Purtroppo oltre ai nostri errori c’è stata pure una somma di circostanze avverse: se avessimo avuto maggior tempo a nostra disposizione saremmo riusciti ad agire, con più vastità ed efficacia. Nel venire a contatto con il mondo carcerario, con la sua quantità di orrori e di violenze e nel rivedere criticamente gli errori compiuti e nel conoscere da vicino la lotta eroica dei detenuti politici, ho potuto crescere, maturare, arricchire la mia coscienza rivoluzionaria. Ciò mi rende sereno nel cammino verso l’ergastolo. Voi cercherete di farci morire in galera, delegando gli uomini dell’apparato ad accelerare le cose.

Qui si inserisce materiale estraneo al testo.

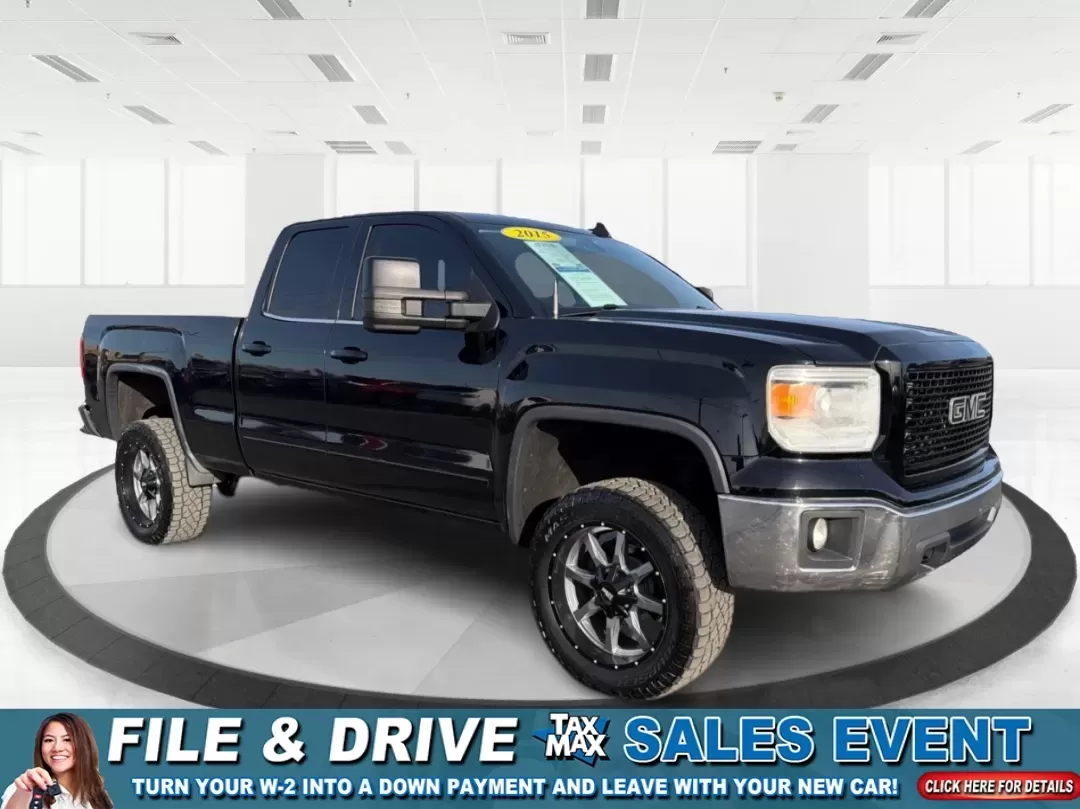 2015 GMC Sierra 1500 SLE (1GTV2UEC8FZ) with an EcoTec3 4.3L V-6 gasoline direct injection engine, located at 401 Woodman Dr, Riverside, OH, 45431, (937) 908-9800, 39.760899, -84.123421 - **Experience Adventure with the 2015 GMC Sierra 1500 at Advantage Car and Credit - Riverside!**<br /> <br /> Are you ready to take your lifestyle to the next level? Whether you're hauling gear for weekend adventures, commuting through Riverside's bustling streets, or navigating through family road t - Photo#0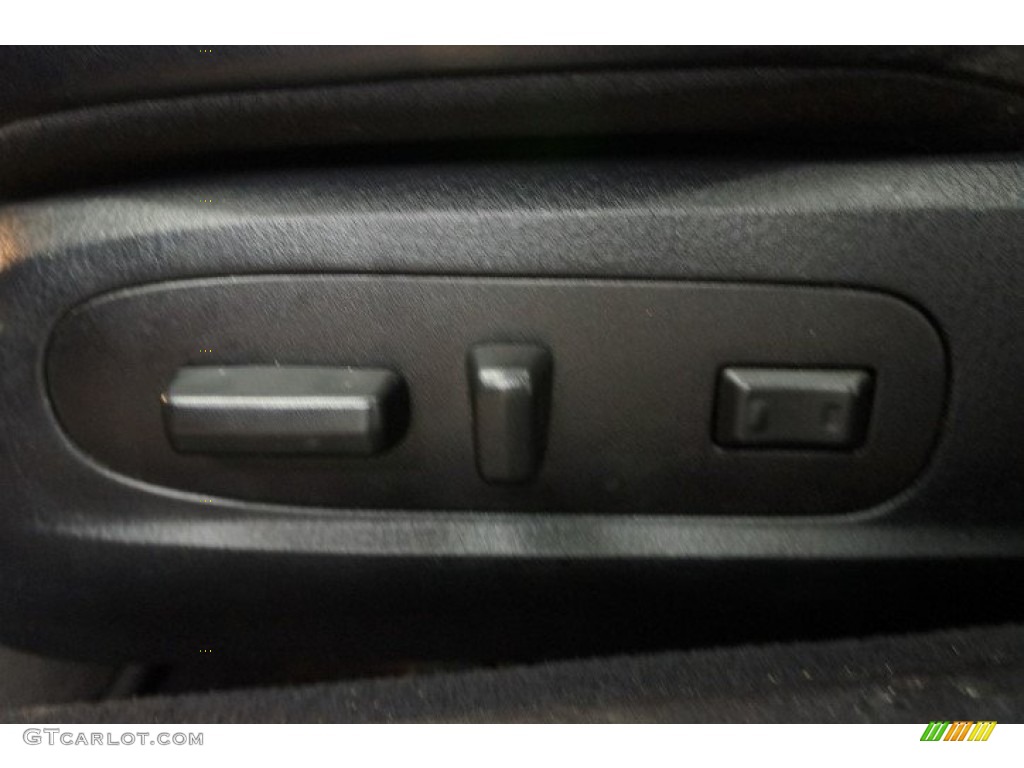 2003 LS V8 - Black / Dark Ash/Medium Ash photo #20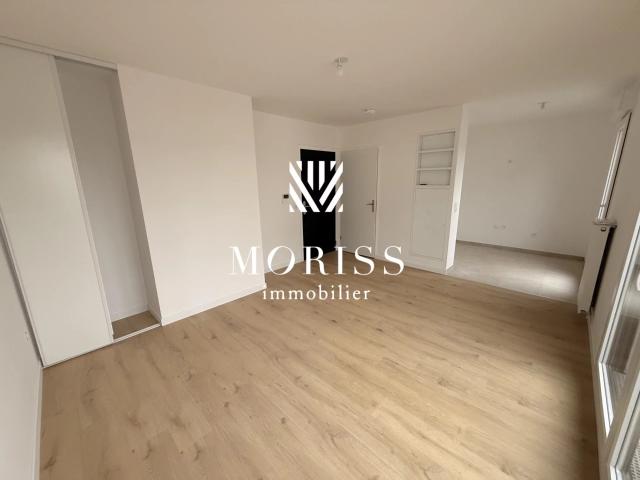 GAGNY – STUDIO EN LOCATION NUE de 27m2 + 24m2 DE TERRASSE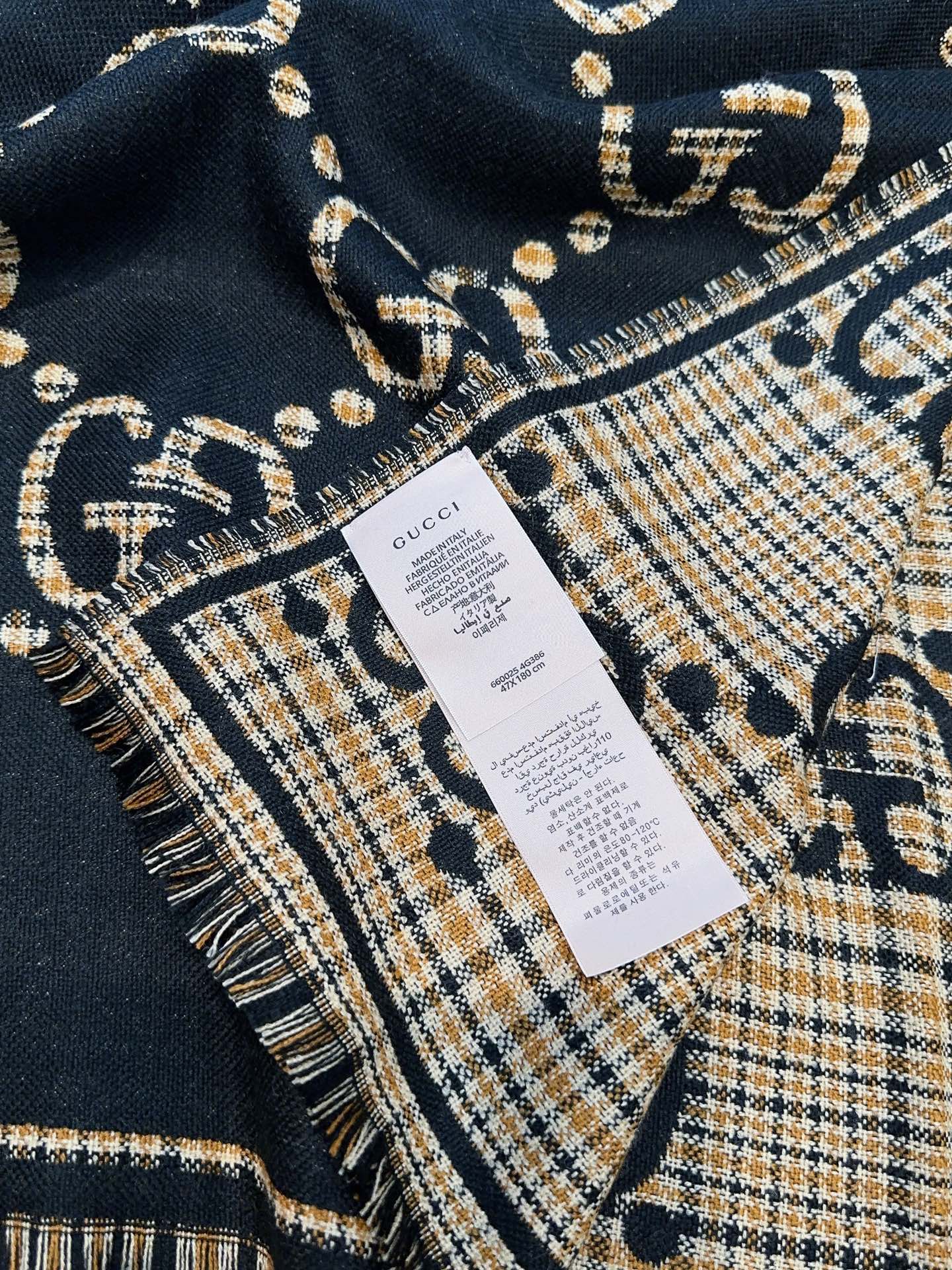 Gucci scarf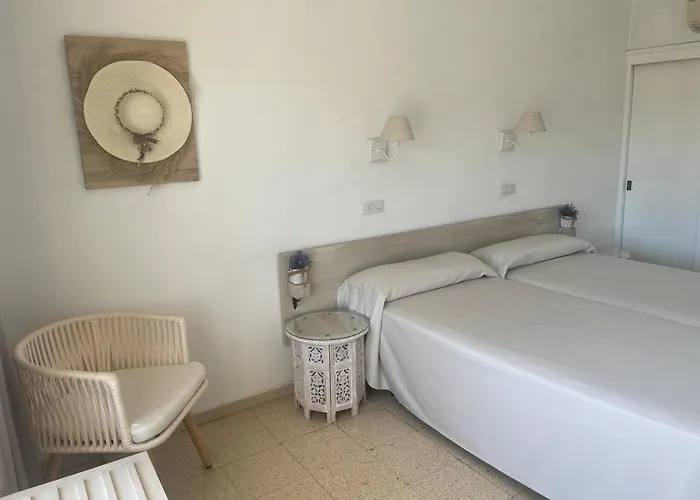 Hostal Roberto Palmanova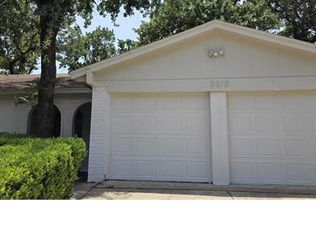5610 Shady Hill Ln, Arlington, TX 76016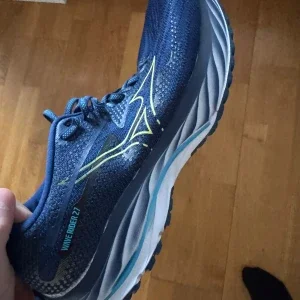 Blå löparskor från Mizuno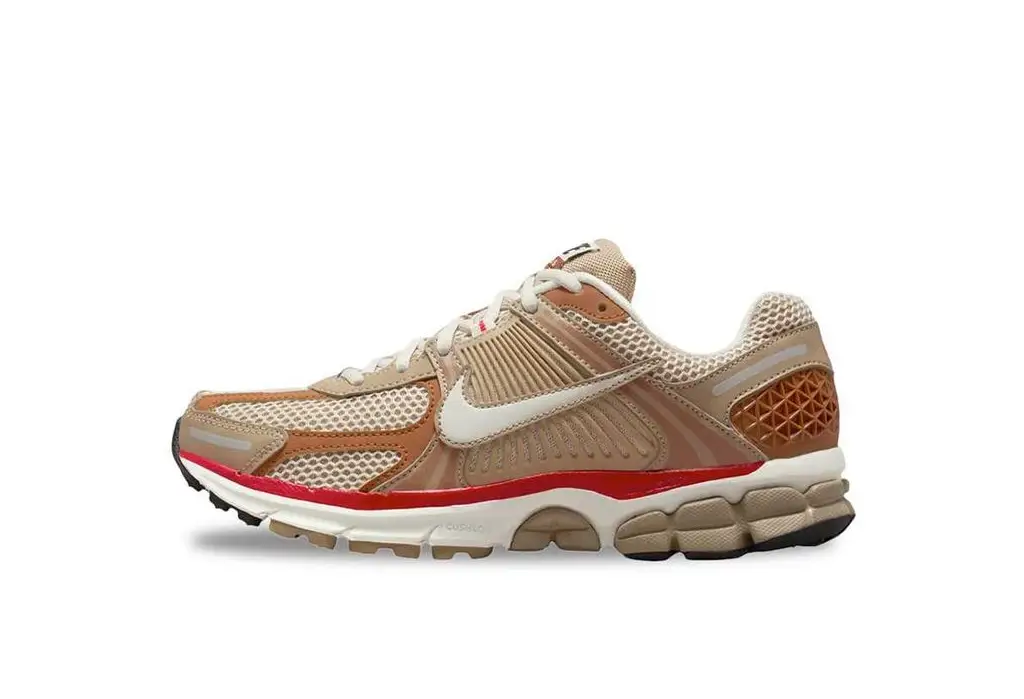 Nike WMNS Zoom Vomero 5 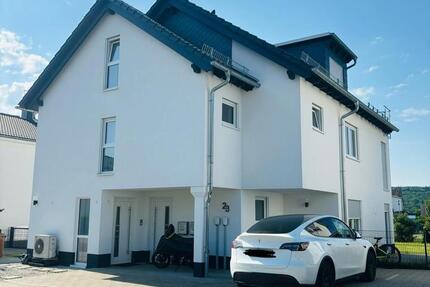 Maisonette-Wohnung mit Balkon, Loggia und traumhafter Aussicht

Ce ne andiamo con il rimpianto di non aver fatto ciò che dovevamo fare, di aver sciupatol’unica occasione della nostra vita. Ma siamo sereni. Altri verranno, migliori di noi, fatti esperti dei nostri errori, a raccogliere l’aspetto positivo della nostra esperienza. La lotta contro di voi continua, fuori e dentro il carcere! Voi continuerete a imprigionare tutti coloro che vi danno fastidio o sono un pericolo per il vostro disordine costituito. Voi getterete in carcere i pacifisti, gli obiettori di coscienza, noi li aiuteremo a superare le asprezze e le privazioni di questa vita e di questo ambiente. I detenuti comuni, gli sbandati, i ribelli senza speranza, noi ve li ritorneremo con una coscienza rivoluzionaria. Questo è il mio impegno, questo è il vostro errore. Voi credete di aver vinto e invece, anche con me, avete già perso la battaglia. Voi condannerete me con spietata durezza, come condannerete chiunque si ribella alla vostra oppressione. Ma verrà il giorno in cui io, 
insieme al popolo, sarò un vostro accusatore!